▶ _Input_:
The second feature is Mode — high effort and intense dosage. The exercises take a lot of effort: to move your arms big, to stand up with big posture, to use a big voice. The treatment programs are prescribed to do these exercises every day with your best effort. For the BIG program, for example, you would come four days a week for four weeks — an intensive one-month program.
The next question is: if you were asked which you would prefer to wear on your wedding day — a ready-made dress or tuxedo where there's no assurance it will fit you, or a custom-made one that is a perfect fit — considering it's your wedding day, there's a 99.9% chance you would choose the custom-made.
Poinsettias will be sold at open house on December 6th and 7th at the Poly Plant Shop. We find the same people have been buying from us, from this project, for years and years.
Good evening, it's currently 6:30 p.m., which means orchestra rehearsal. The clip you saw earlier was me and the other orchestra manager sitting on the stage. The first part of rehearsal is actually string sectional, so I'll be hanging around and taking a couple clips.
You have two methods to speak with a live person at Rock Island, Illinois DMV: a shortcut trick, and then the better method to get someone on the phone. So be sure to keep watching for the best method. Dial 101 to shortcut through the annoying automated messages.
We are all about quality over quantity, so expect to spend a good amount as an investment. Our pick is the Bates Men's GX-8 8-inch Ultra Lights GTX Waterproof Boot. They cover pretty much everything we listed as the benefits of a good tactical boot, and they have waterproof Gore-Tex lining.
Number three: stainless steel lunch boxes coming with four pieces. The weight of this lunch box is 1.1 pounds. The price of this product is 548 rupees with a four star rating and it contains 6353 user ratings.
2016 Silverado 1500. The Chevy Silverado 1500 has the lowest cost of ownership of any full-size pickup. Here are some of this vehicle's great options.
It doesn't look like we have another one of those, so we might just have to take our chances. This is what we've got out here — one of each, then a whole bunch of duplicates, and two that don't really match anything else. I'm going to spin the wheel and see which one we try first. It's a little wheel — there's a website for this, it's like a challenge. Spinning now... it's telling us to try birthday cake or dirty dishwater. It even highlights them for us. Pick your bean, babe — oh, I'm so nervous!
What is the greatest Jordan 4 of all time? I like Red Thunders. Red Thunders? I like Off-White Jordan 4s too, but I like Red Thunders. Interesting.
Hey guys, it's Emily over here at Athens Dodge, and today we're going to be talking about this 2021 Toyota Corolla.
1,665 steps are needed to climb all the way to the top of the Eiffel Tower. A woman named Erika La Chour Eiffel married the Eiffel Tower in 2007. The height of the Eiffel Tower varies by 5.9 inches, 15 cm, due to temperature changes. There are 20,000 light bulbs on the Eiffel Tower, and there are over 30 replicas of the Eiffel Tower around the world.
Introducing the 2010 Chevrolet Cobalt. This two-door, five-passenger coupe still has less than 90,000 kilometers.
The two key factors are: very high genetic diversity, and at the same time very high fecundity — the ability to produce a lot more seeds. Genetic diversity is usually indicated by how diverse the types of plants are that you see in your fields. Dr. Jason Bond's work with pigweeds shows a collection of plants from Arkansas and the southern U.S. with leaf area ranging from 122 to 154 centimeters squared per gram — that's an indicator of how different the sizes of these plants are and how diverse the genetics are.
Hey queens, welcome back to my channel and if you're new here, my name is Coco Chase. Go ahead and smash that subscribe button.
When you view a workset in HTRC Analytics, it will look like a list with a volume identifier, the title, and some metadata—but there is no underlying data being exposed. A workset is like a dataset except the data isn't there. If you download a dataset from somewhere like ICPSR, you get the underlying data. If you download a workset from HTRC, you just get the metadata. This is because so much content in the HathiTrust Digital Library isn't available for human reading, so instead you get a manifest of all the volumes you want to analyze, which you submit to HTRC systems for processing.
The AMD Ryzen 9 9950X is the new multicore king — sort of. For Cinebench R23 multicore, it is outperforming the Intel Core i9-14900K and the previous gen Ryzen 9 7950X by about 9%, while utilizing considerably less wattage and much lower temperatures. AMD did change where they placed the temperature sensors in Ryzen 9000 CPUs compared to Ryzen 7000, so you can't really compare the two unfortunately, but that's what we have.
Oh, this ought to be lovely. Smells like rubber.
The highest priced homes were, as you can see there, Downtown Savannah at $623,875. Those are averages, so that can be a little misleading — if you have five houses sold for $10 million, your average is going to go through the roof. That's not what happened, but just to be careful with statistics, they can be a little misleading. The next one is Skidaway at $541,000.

▶ _Work instructions_: Report each line in the data above that holds the word "five" by copying it.

▶ _Answer to the problem_:
Introducing the 2010 Chevrolet Cobalt. This two-door, five-passenger coupe still has less than 90,000 kilometers.
The highest priced homes were, as you can see there, Downtown Savannah at $623,875. Those are averages, so that can be a little misleading — if you have five houses sold for $10 million, your average is going to go through the roof. That's not what happened, but just to be careful with statistics, they can be a little misleading. The next one is Skidaway at $541,000.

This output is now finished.